After locating the line containing "Диакарб и аспаркам показания" in the entries below, please write out that line and the rest through the end exactly. Omit pictures.
┌────────
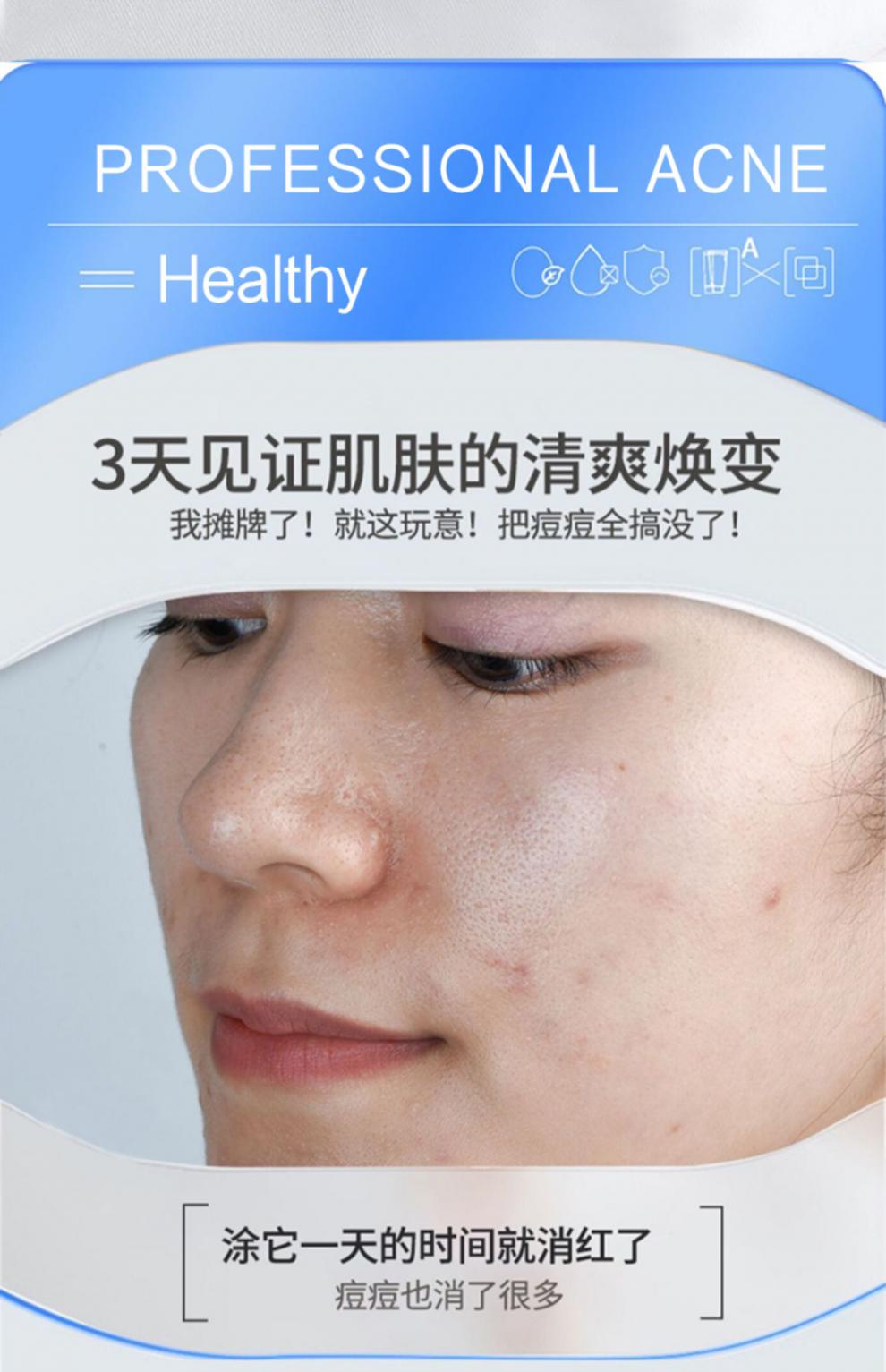 花恩施祛痘膏净颜祛痘膏去痘红肿闭口粉刺淡化祛青春痘印痘坑逗疤修复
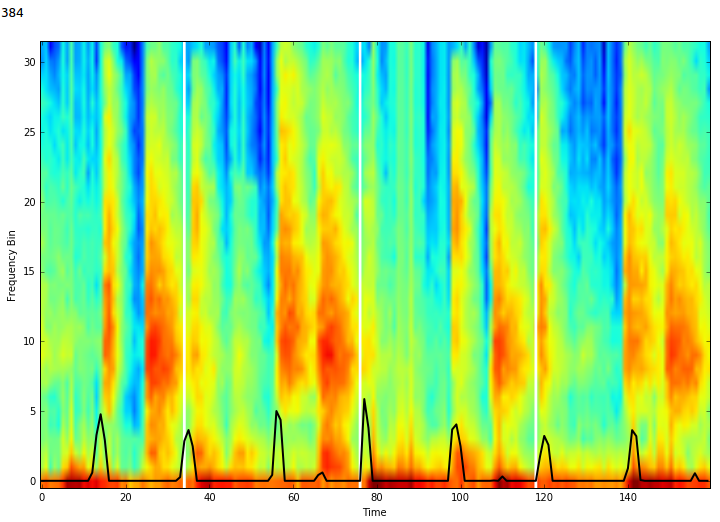 Pulse Prediction in Validation Set Over Spectogram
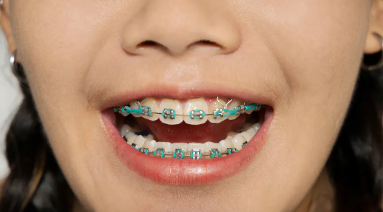 Dental Braces - Stra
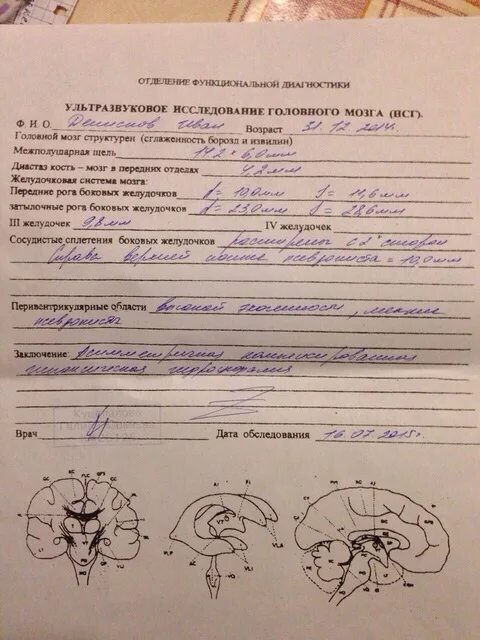 Диакарб и аспаркам показания к применению. Аспаркам реневал. Аспаркам при сотрясении мозга. Аспаркам. Диакарб и аспаркам схема приема взрослым.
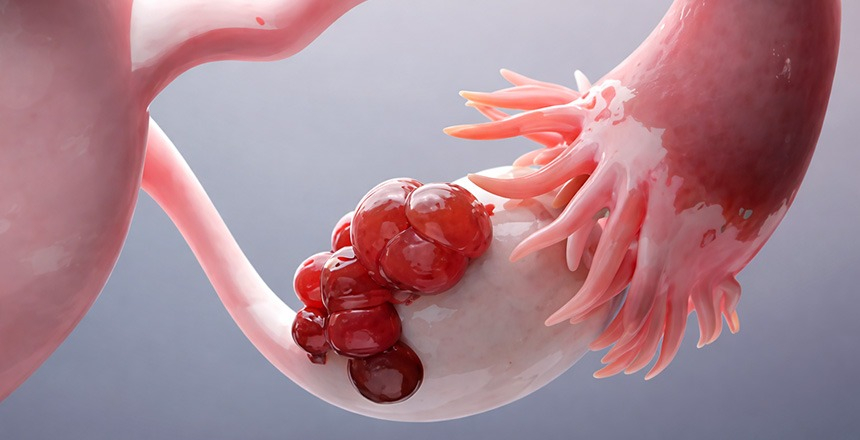 Фото - Кіста яєчника: види та як вчасно виявити патологію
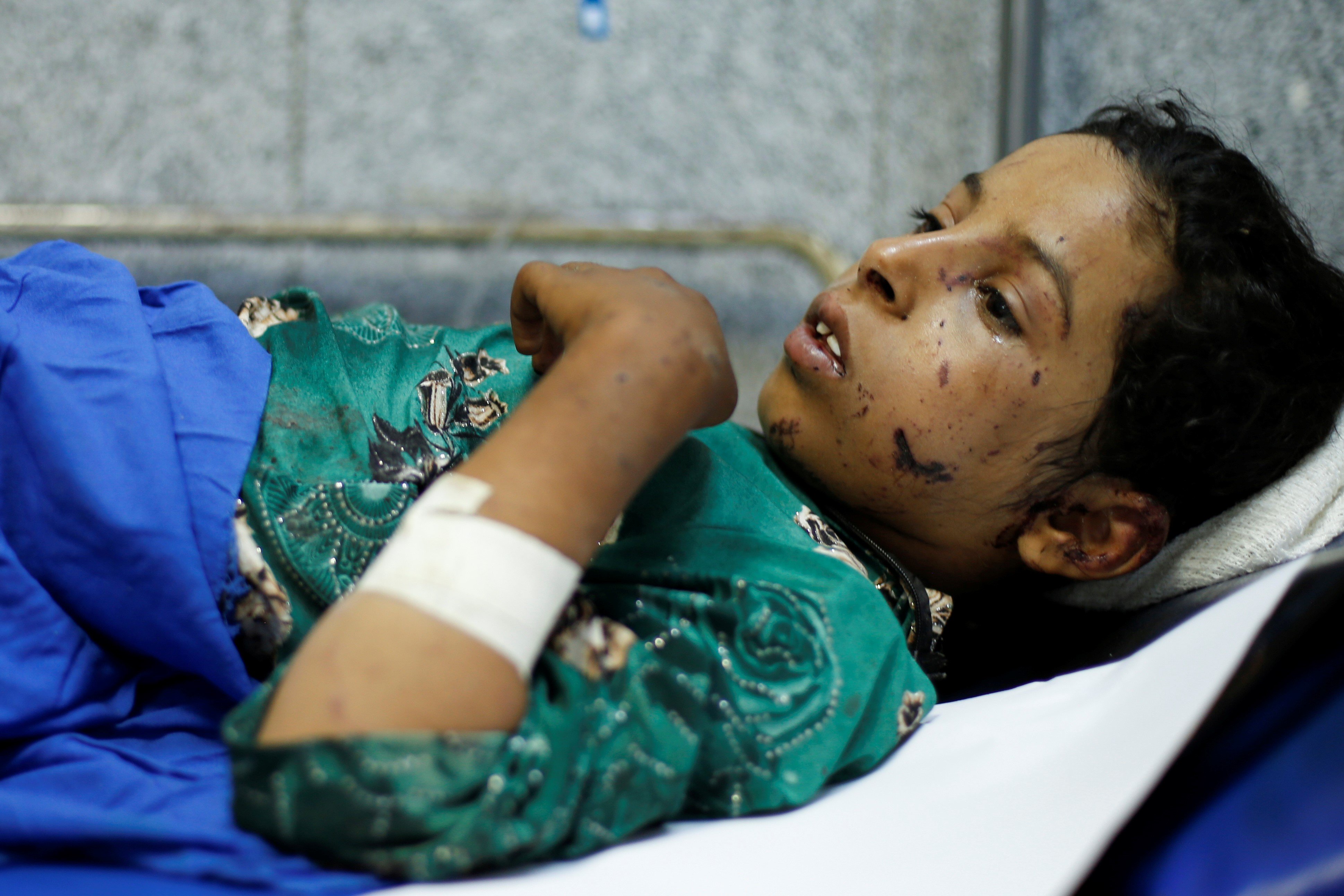 قابول مبخوت في مستشفى صنعاء بعد غارة جوية في محافظة الجوف.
└────────
=== WRITTEN SOLUTION ===
 Диакарб и аспаркам показания к применению. Аспаркам реневал. Аспаркам при сотрясении мозга. Аспаркам. Диакарб и аспаркам схема приема взрослым.
 Фото - Кіста яєчника: види та як вчасно виявити патологію
 قابول مبخوت في مستشفى صنعاء بعد غارة جوية في محافظة الجوف.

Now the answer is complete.